The Admiralty Shipyards: Laying the keel for Russia’s naval ambitions

View of the Admiralty shipyard in an engraving by Alexei Zubov, 1716. Source: Open sources

View of the Admiralty shipyard in an engraving by Alexei Zubov, 1716. Source: Open sources

With no access to navigable sea routes until early in the 18th century, Russia was a long way behind the great European powers in developing a navy. But when Peter the Great gained a foothold on the Baltic Sea in 1703, he set about transforming Russia into a naval power by first founding his new capital St. Petersburg and then opening the country’s first – and still the largest - shipyard.

With its origins deep in the forests and steppes of continental Eurasia, for centuries Russia had no access to the sea and no-ship-building experience, so it was no surprise that the country had no navy until the start of the 18th century.

This major lag behind the times led to the country’s isolation, since no ships meant no lucrative overseas trade and no possibility to compete with the leading European nations and their powerful navies. In 1700, Tsar Peter I (the Great) resolved to change the status quo and take his country to sea.

The core of the tsar’s ambitious naval strategy was to reach the ice-free Baltic Sea and create a navy to protect Russia's interests in this vital region. In 1703, after heavy fighting against the Swedish army, Peter's troops broke through to the Baltic near the mouth of the Neva River. Before them lay an expanse of wild territory where Russia had yet to gain a foothold before beginning its naval construction work.

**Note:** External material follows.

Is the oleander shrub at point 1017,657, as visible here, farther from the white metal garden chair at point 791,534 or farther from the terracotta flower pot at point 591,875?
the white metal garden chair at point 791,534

In May of that year, the tsar founded the city of St. Petersburg, which, in addition to its function as the new capital, was to become the birthplace of the Russian fleet.

Warships from the woods

Peter I was a Russian czar (1682), the first emperor of Russia (1721) and the founder of both the Russian navy and the city of St. Petersburg. Source: A picture by Yury Kushevsky

In 1704, on the forested left bank of the Neva, the Tsar founded the first permanent shipyard, duly named in fashionable international style the "Admiralty House." There, in giant construction cradles located in the thick woodland, few were able to see the beginnings of one of the largest future shipbuilding enterprises in the world.

Work in the Admiralty progressed at a rapid pace. While the engineers initially built small vessels like galleys and the three-masted zebecs, work started on the first Russian battleship, the 54-gun Poltava, in 1709, under Peter’s direct oversight. And in 1725, a peasant called Nikonov who had worked his way up at the shipyard designed and built the "secret vessel" prototype of the first submarine.

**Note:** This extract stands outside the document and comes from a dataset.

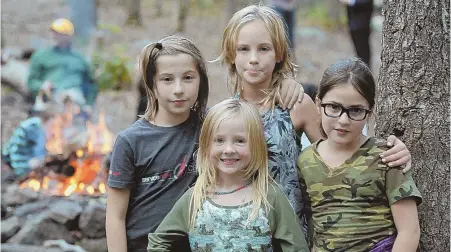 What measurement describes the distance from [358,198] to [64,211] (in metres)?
4.19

In the 18th century, the Admiralty functioned like a conveyor belt, turning out one by one vessels of all classes, from single-masted sloops to huge battleships. The pace was intensive, and not only because of the constant wars waged by Russia in the Baltic Sea.

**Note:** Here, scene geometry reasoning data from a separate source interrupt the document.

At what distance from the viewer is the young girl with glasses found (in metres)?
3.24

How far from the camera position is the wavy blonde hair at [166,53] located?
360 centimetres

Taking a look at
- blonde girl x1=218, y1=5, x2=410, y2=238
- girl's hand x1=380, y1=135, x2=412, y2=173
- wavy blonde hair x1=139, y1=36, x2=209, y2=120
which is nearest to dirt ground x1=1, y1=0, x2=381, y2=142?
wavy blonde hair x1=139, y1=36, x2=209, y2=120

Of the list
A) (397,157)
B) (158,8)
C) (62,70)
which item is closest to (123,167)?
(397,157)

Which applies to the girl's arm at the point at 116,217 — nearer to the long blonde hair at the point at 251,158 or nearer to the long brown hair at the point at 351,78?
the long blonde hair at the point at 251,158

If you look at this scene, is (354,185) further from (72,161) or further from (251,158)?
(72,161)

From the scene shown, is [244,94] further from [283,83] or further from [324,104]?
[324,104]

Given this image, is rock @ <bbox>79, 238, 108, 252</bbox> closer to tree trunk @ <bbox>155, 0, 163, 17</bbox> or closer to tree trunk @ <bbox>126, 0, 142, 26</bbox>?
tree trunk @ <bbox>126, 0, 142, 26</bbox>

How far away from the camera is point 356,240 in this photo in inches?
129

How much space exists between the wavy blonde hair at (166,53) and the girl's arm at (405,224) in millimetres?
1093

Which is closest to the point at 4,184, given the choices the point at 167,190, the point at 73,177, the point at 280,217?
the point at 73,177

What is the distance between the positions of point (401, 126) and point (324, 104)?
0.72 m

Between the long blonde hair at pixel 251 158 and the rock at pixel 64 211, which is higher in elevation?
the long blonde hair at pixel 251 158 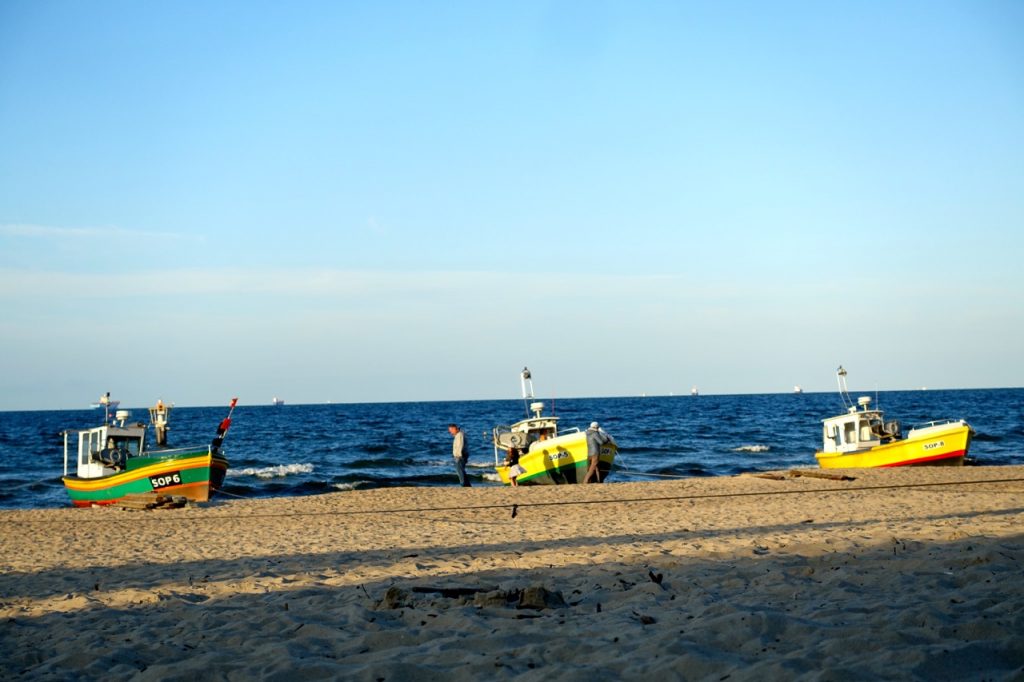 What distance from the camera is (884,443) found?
28609 mm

The lifespan of ships built at the mouth of the Neva was no greater than 10 years because of the relatively low salt content in the water of the Baltic Sea near St. Petersburg, where the freshwater Neva emptied out, causing faster-than-average deterioration of sea-going vessels.

A helping hand from the British

In the late 18th and early 19th century the Admiralty Shipyards entered a new era of their history when British master shipbuilders came and set up melting and casting plants. In 1815, one of these engineers, Charles Byrd, built the first Russian steamship. Until mid-century, the shipyard continued to specialize in wooden shipbuilding, but in the 1860s it switched wholesale to the production of metal ships.

In 1865, Russia’s first floating gun battery built for coastal defense went down the slipway, followed by the Novgorod in 1871, and in 1877 by the Explosion, the country’s first destroyer. The same year saw the launch of the Peter the Great battleship, regarded as the most powerful ship of its time. By this time the shipyards had been moved from the city center and by the mid-19th century they were finally relocated to an island at the mouth of the Neva.

The beginning of the 20th century was marked by the most enormous project yet at the Admiralty, where from 1909-1914 the yard built the largest ships in the history of the Russian fleet, the 24,000-ton dreadnoughts Poltava (the modern incarnation of the ancient wooden flagship) and the Gangut. By 1917 the Admiralty Shipyards had built around 1,000 ships for the navy, of which almost 170 were large sail ships or armored vessels.

Submarines and fish factories

After the Revolution, the facility was renamed the Andre Marty Shipyard after the French communist, and its production profile also changed. The era of epic sea battles in the Baltic was over, while the role of submarines capable of operating alone in the enemy’s rear had dramatically increased.

Up to World War II the shipyard built 70 submarines of different classes. The Admiralty continued to operate during the war, producing seven submarines despite the complete siege of Leningrad and the starvation of its population.

After 1945, the Admiralty Shipyards mastered the construction of civilian types of vessels, from tankers to trawlers and floating fish processing factories. In 1959, the world's first nuclear-powered icebreaker Lenin was also launched here.

Today, the shipyard is still the largest industrial enterprise in St. Petersburg, building diesel and nuclear submarines for Russia and a variety of vessels also for foreign navies, as well as a wide range of civilian vessels including tug boats to deep-sea research vessels.